What is SAML Authentication?SAML abbreviated for Security Assertion Markup Language is an XML-Based open standard for transferring identity related information between an Identity Provider and Service Provider. It simplifies and centralizes the authentication process, by authenticating a user once and communicating the identity claims to other external applications whenever a user requests access to them.
Why do we Need SAML Authentication?
Service Providers around the world have started focusing on specialized web-based services that will cut costs, focus on user specific applications, and reduce complexity of maintaining and supporting the applications of an organization. Most organizations have started adopting a centralized authentication system for all their internal applications as well as web-based portals. This centralized authentication process enables strong security by preventing users from storing passwords for different systems on a sticky note.
But, as most of the services are from External Service Providers, it would give rise to the sticky note problem and create problems for the external service providers. Users must remember passwords for different services like CRM, Payroll, Travel Agency Software leading to complexity of managing and maintaining user or programmer defined hardcoded SSO code of each of the external service provider in use.
Furthermore, as every user is mandated to set up the applications, a duplicate set of data gets created. Instead, if the organization controls the user data, it will save the service provider time to set up and terminate sessions on a regular basis while having an accurate source of user identity.
Given the set of problems for both organizations and service providers, a standard was needed for exchanging user authentication information to be exchanged over the internet between an Identity Provider and a Service Provider. That is how SAML, an XML based open standard came into picture allowing transmission of custom data to external service provider.
How does SAML Authentication work?SAML is an XML based Framework allowing for authentication and authorisation from Single Sign-On point of view. It has 3 roles involved in a transaction namely an asserting party, a relying party, and a subject. The Asserting Party is the identity provider that provides the user information, a Relying Party is the Service Provider that trusts the Asserting Party and uses the user information to provide him access to the application and the Subject involved in the transaction is the user. SAML 2.0 is the latest revision of this framework. Consider a system that acts as an identity provider and a user who wants to log in to a remote application, such as an accounting or support application (service provider). Here’s what happens:
- The user, using a link on an intranet or a bookmark, accesses the remote application, and the application loads.

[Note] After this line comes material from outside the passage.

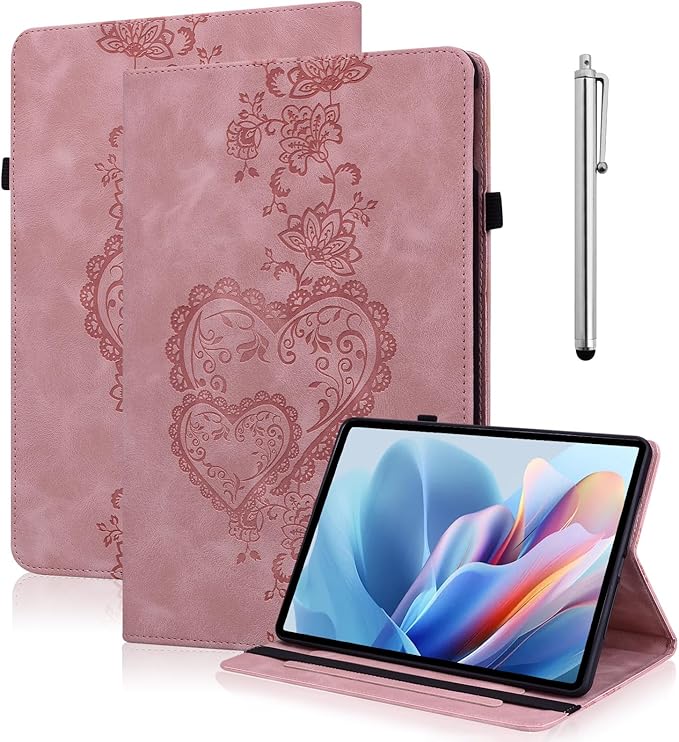 Case for iPad Air 11 Inch 8th/7th/6th Generation (M4/M3/M2) 2026/2025/2024, iPad Air 5th/4th Case 10.9 Inch 2022/2020 Embossed PU Leather Stand Shockproof Cover with Pencil Holder, Pink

- The user’s origin is identified by the application (by user IP address, application subdomain, or similar). The application asks for authentication by redirecting the user back to the identity provider. This is the authentication request.
- The user may already have an active browser session with the identity provider or may establish one by logging in.
- An authentication response containing the user’s username or email address is built by the identity provider in the form of an XML document. It is signed with an X.509 certificate. The identity provider then sends this information to the service provider.
- The service provider, which has a certificate fingerprint and is already familiar with the identity provider, retrieves the response and validates it using the certificate fingerprint.
- The user’s identity is established, and he/she is granted app access.
What are the Benefits of SAML Authentication?
- SAML separates the security framework from platform architectures and specific vendor implementations.
- It does not require user information to be synchronized and maintained between directories.
- Identity federation with SAML promotes privacy while allowing for a customized user experience at each service.
- A single act of authentication across multiple services can reduce the cost of maintaining account information. The identity provider shoulders the burden.